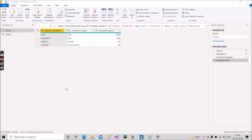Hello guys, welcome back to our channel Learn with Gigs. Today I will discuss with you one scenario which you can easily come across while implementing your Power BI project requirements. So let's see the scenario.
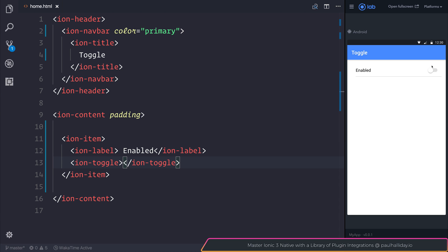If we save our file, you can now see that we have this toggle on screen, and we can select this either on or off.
──────────────────────────────
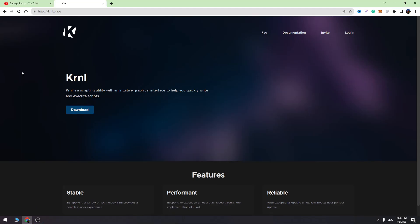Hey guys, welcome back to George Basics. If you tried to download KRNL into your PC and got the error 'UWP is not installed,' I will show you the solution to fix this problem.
──────────────────────────────
Required action
After locating "Hello guys, welcome" and "If we save our" in the records above, return exactly the line holding each one and every line between them; leave out the pictures.

Result below
Hello guys, welcome back to our channel Learn with Gigs. Today I will discuss with you one scenario which you can easily come across while implementing your Power BI project requirements. So let's see the scenario.
If we save our file, you can now see that we have this toggle on screen, and we can select this either on or off.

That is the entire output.